(Beginning of Data shown)

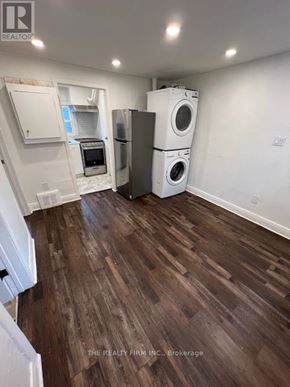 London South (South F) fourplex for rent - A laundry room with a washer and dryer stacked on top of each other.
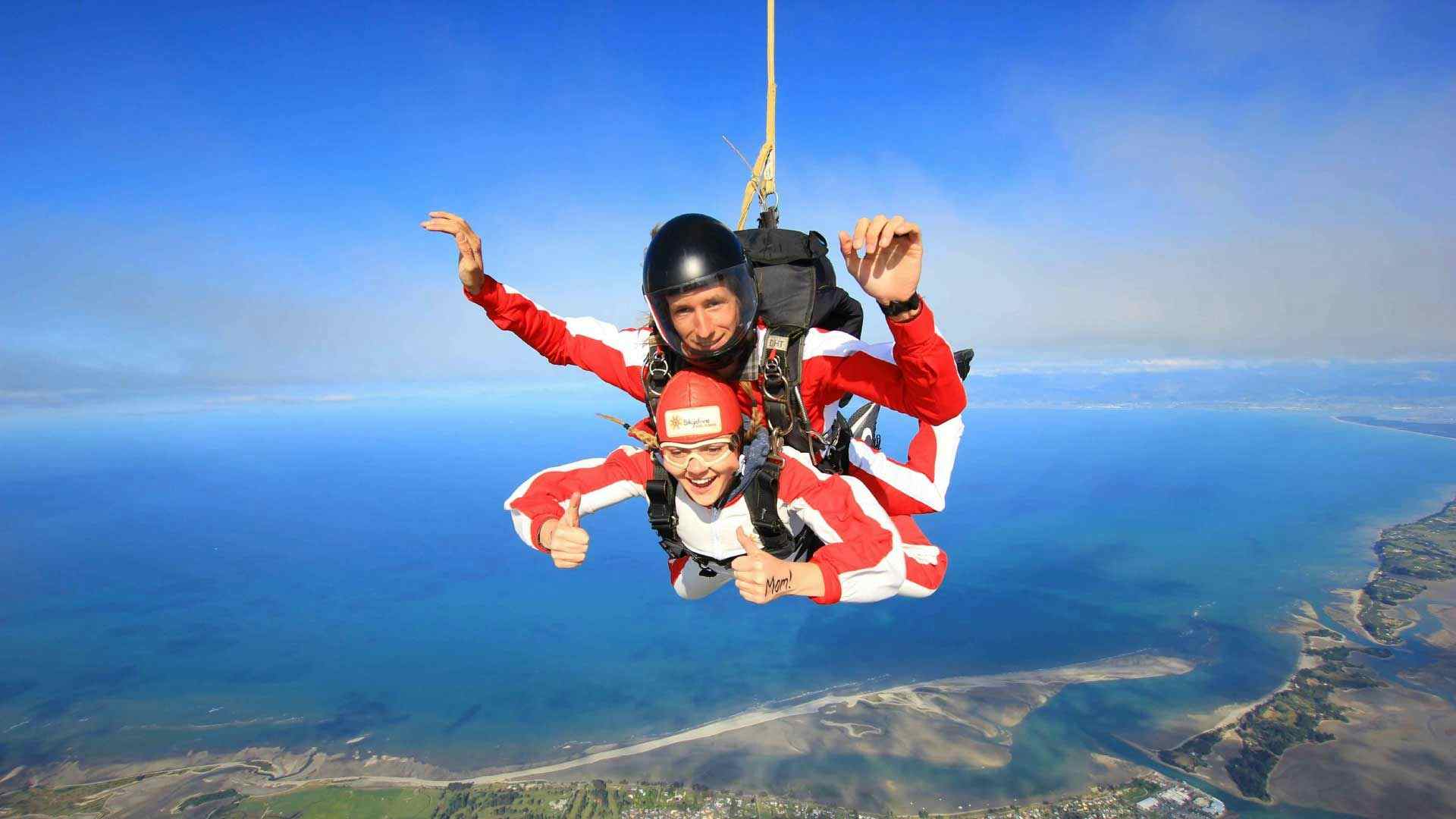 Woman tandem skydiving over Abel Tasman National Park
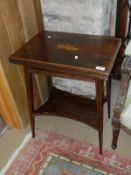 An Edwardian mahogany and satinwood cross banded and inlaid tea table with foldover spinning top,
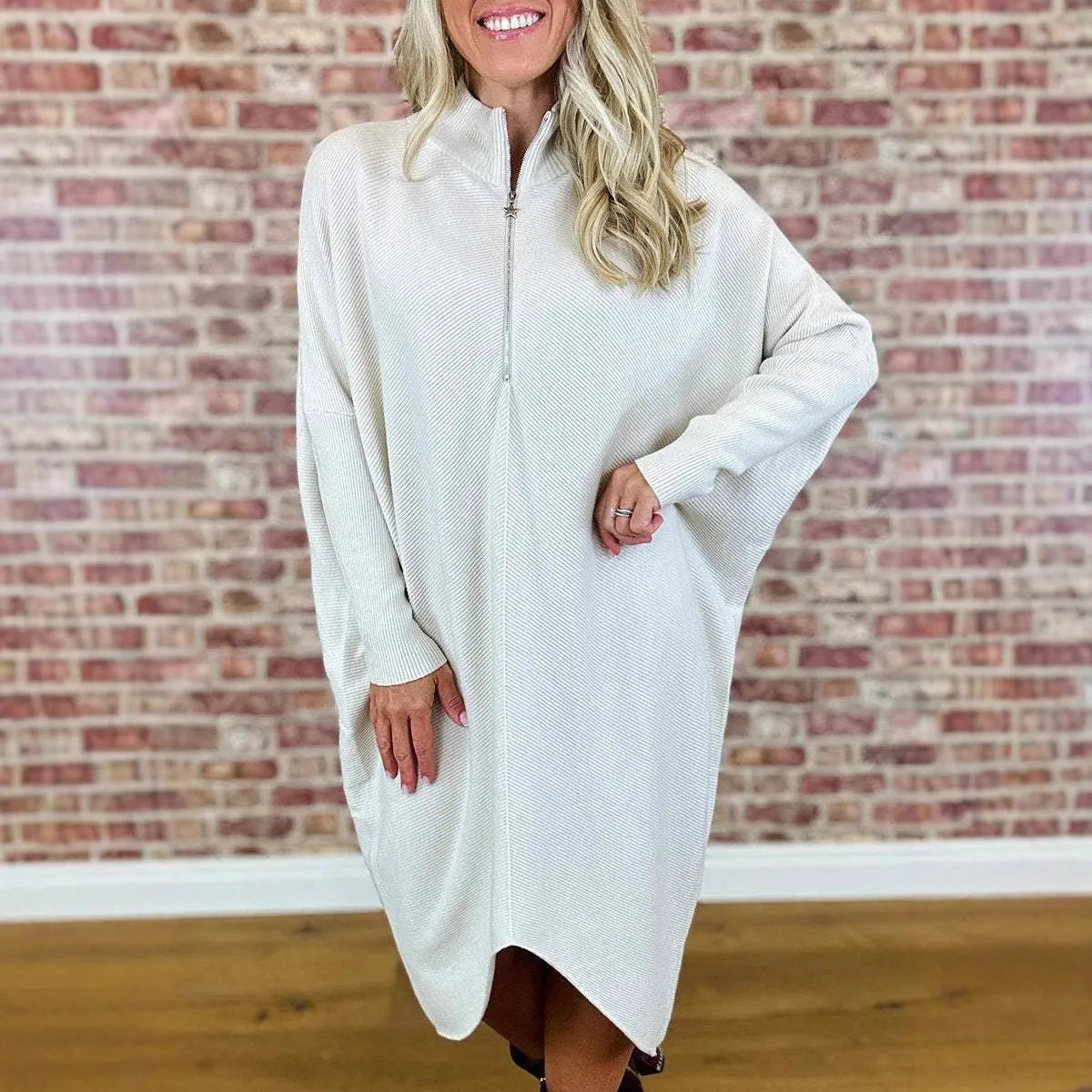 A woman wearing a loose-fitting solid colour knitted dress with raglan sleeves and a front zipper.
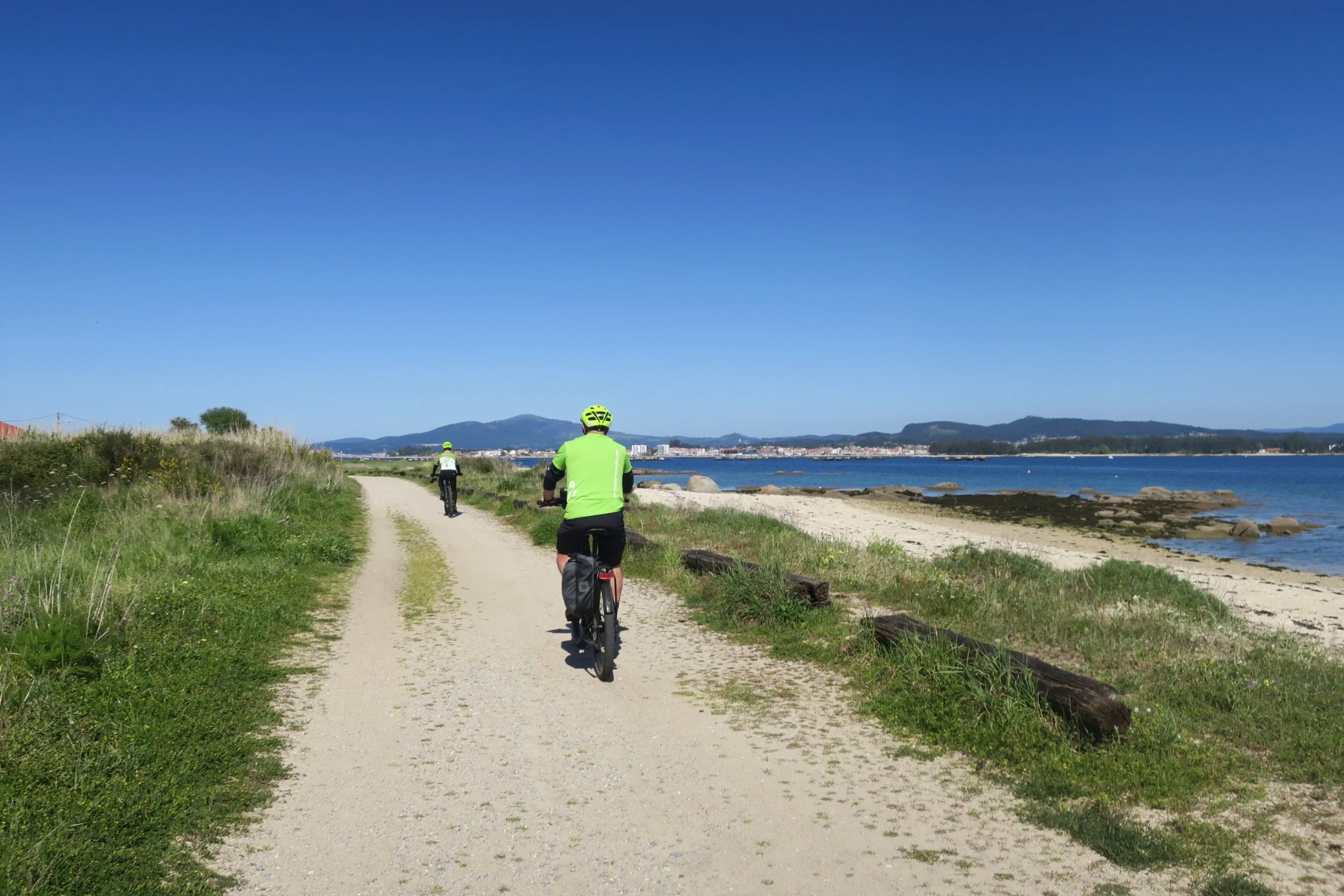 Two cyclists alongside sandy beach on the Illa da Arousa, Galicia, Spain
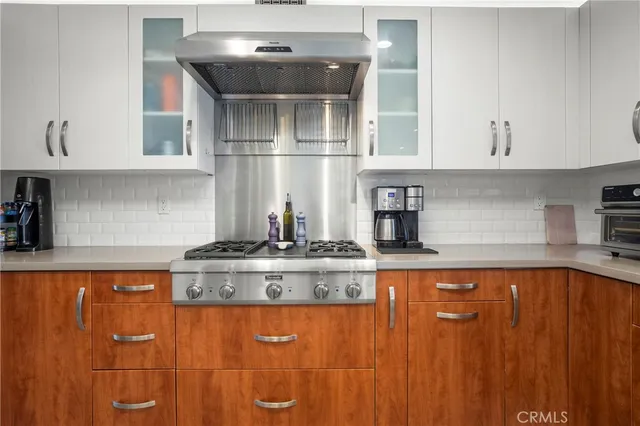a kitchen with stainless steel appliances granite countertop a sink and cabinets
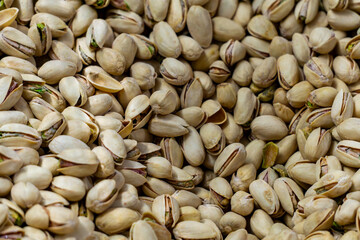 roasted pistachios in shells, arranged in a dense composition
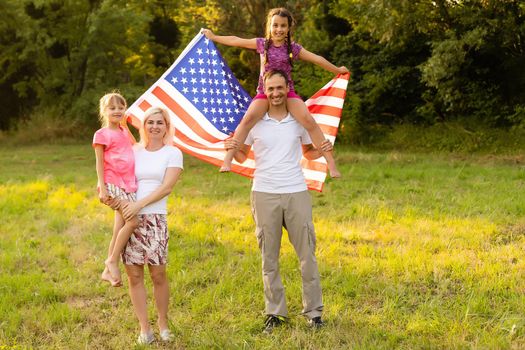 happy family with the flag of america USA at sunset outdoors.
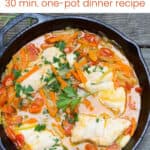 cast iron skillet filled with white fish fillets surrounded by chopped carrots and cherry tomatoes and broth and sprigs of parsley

(End of Data shown)

* _What is being asked_:
Everything from the line containing "a kitchen with" to the last line of the listing above is to be written out exactly, except the pictures, and nothing else.

* _Solution to this problem_:
a kitchen with stainless steel appliances granite countertop a sink and cabinets
 roasted pistachios in shells, arranged in a dense composition
 happy family with the flag of america USA at sunset outdoors.
 cast iron skillet filled with white fish fillets surrounded by chopped carrots and cherry tomatoes and broth and sprigs of parsley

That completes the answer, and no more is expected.